Mañanas de otoño

El dulce temple del tiempo suspendido entre mis dedos. Envuelta en sábanas, almohadas más suaves que el viento primaveral, mis ojos luchan por romper con ese estado y volver a la vigilia, pero no quiero, no quiero y no quiero. Me rehúso a poner en marcha el reloj y el correr de la mente como el agua recorre furiosa los ríos en época de deshielo, arrastrando todo remanente de calma.

Me encuentro embelesada por el perfume de las sábanas, tan dulce, tan fresco, tan relajante. Me doy vuelta de una lado al otro, contrariada por el sol que me exige despertar, y mi deseo de continuar en pausa me hunde más profundamente en el colchón, en la calidez del edredón azul cielo. 

No es desidia, no es haraganería, es la calma.
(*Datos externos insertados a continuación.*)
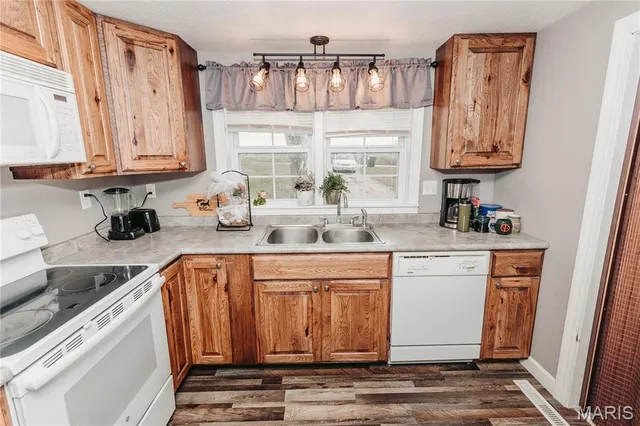 $195,000 | 10771 Crest Road, Dixon, MO 65459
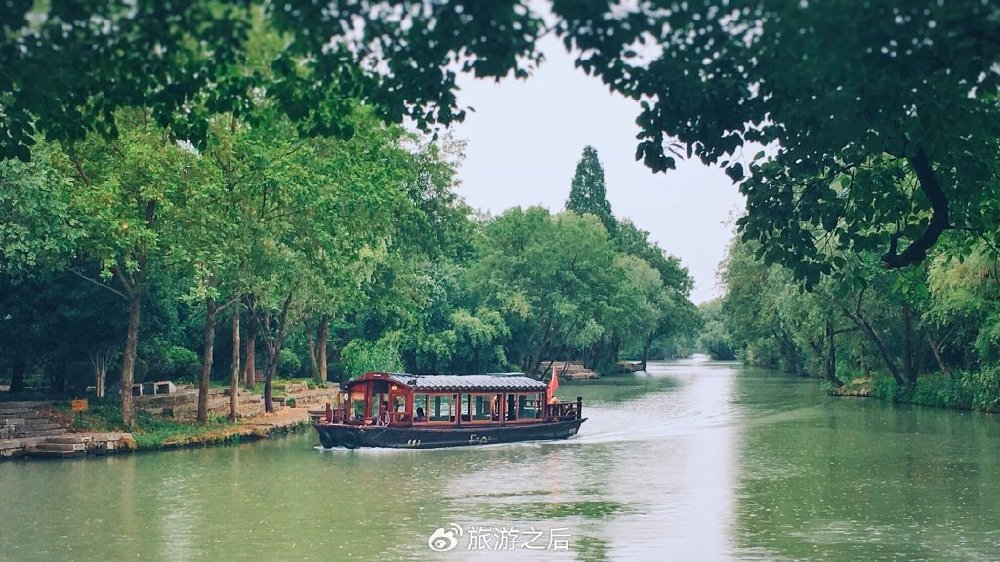 成都出发到杭州旅游，有哪些景点推荐，玩好吃好不被坑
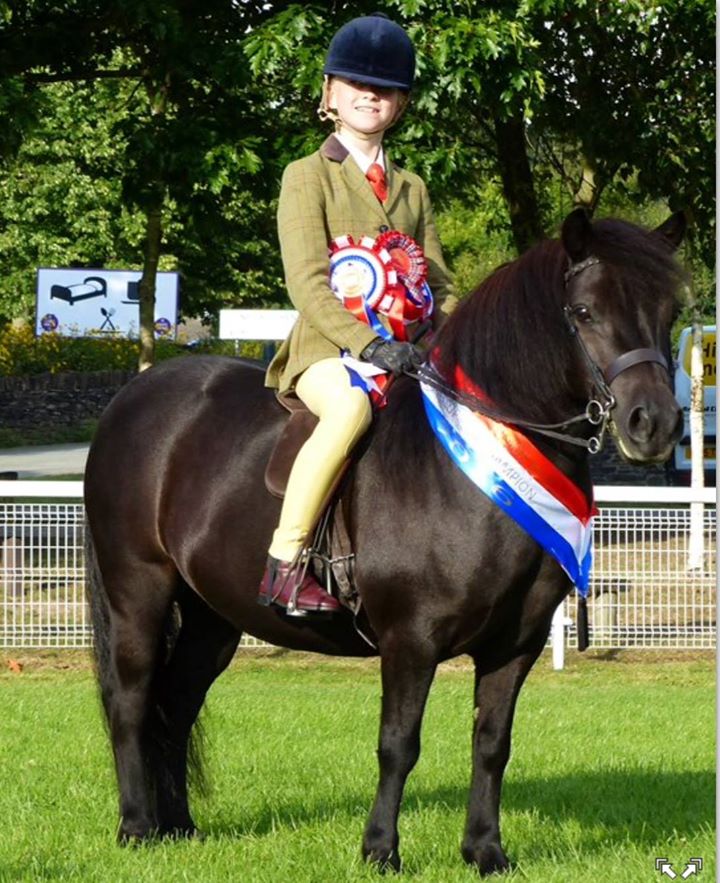 Isobel Hanson and Sharptor Bellisima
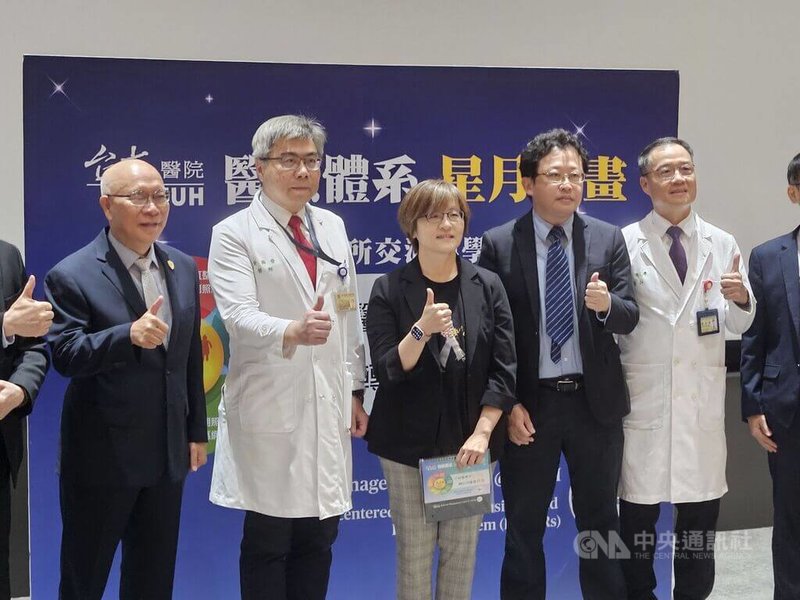 台大醫院於13日舉辦星月計畫8週年年會，衛福部醫事司長劉越萍（右3）表示，樂見台大醫院與專家制定的分級就醫指引及民眾就醫諮詢專線，推廣至全台醫院。中央社記者陳婕翎攝　115年9月13日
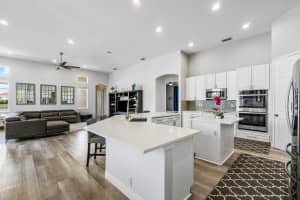 11750 Osprey Pointe Circle, Wellington, FL 33449 - MLS#B26029724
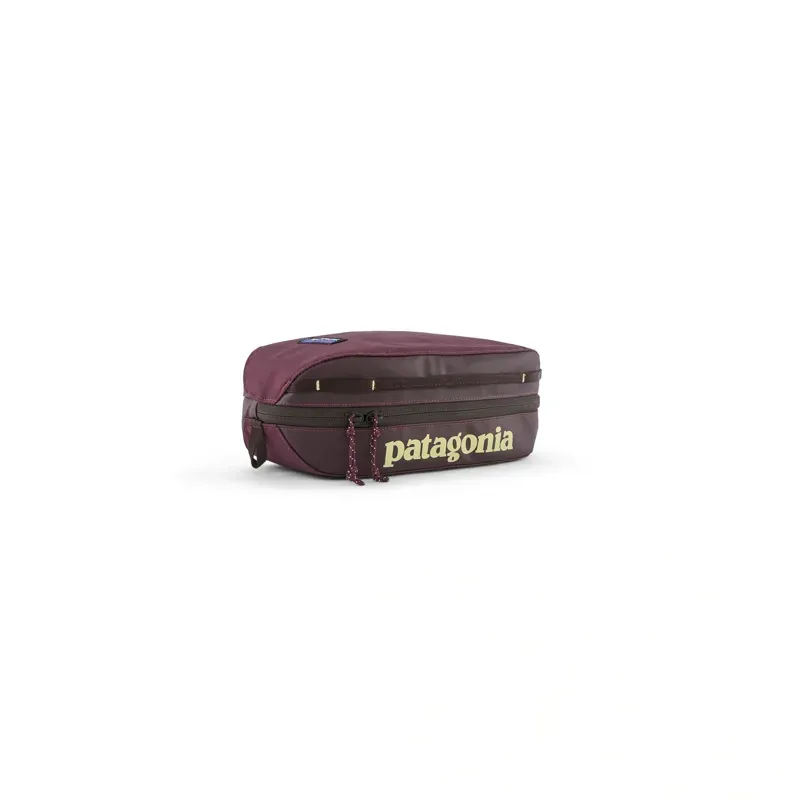 Patagonia Black Hole 3L Cube in Berry Fig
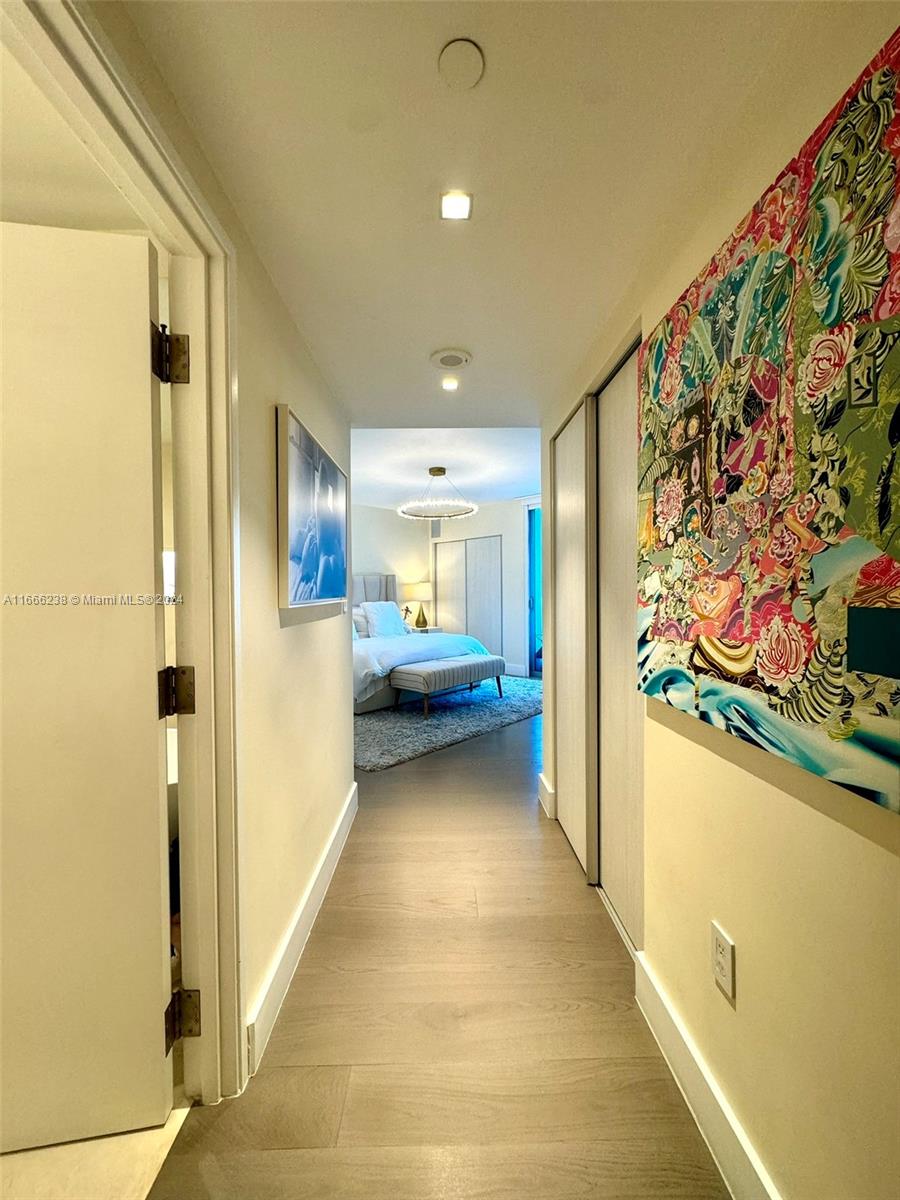 9401 Collins Ave # 702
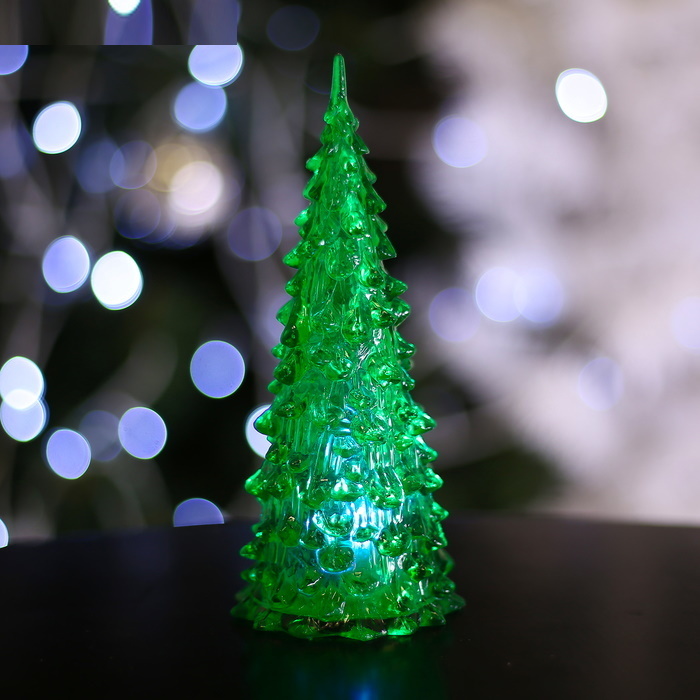 Zöld karácsonyfa Fényjáték (elemekkel) 17 cm, 1 LED, RGB ajándékdobozban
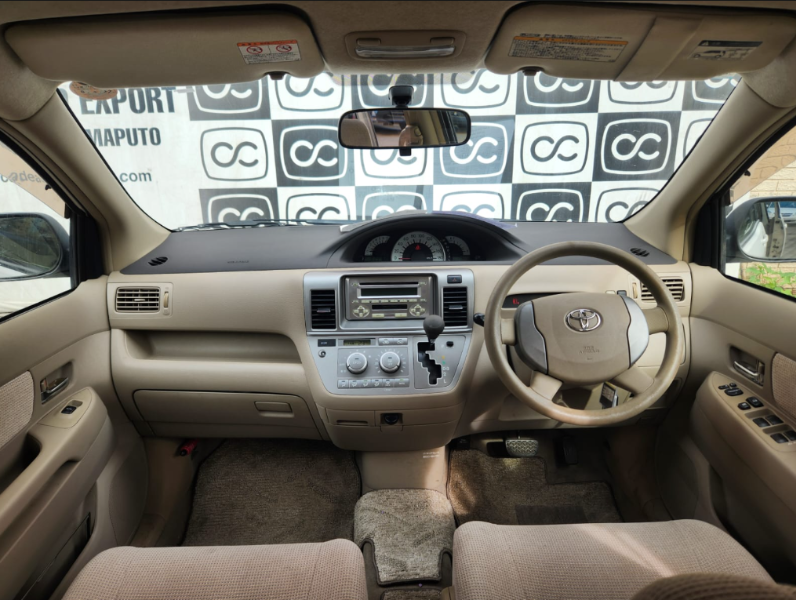  30646  TOYOTA RAUM  2004  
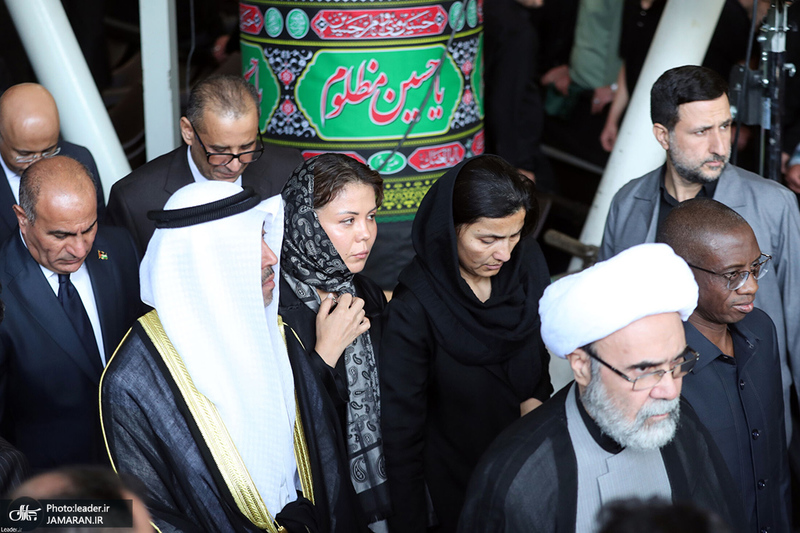 اقامه نماز رهبر معظم انقلاب بر پیکر رئیس جمهوری و یارانش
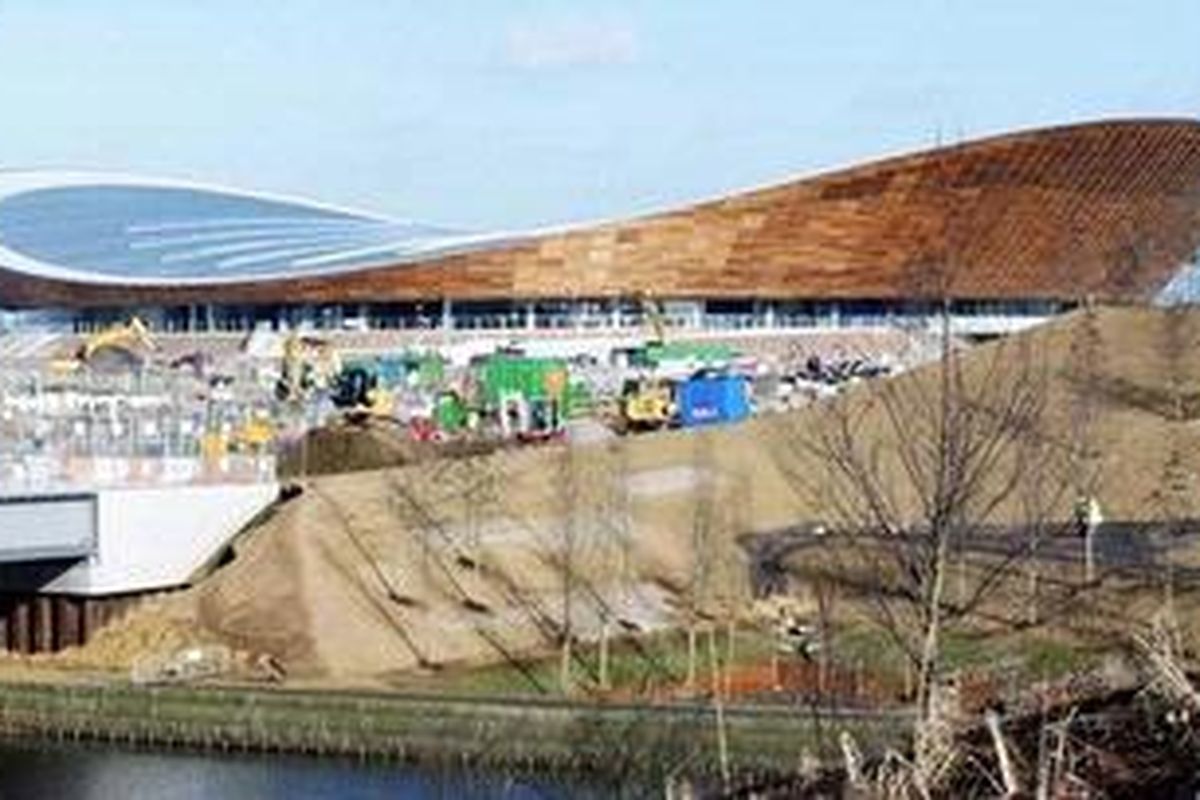 Bangunan berbentuk sadel cantik ini dirancang dengan kehati-hatian dan terlihat sederhana dibangun dengan material ringan.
La testarudez de no soltar ese momento, a veces más corto a veces más largo, en donde mi mente sucumbe a la paz, se allá desarmada, desprovista de argumentos para arremeter contra la vida: como una niña que solo conoce de ingenuidad  e inocencia. 

Toda la mañana en sí, son unas horas de armonía, de claridad, en la que yo gobierno a mi mente y ella se somete a mi soberanía. Son dulces esas horas, pero cortas, de felicidad.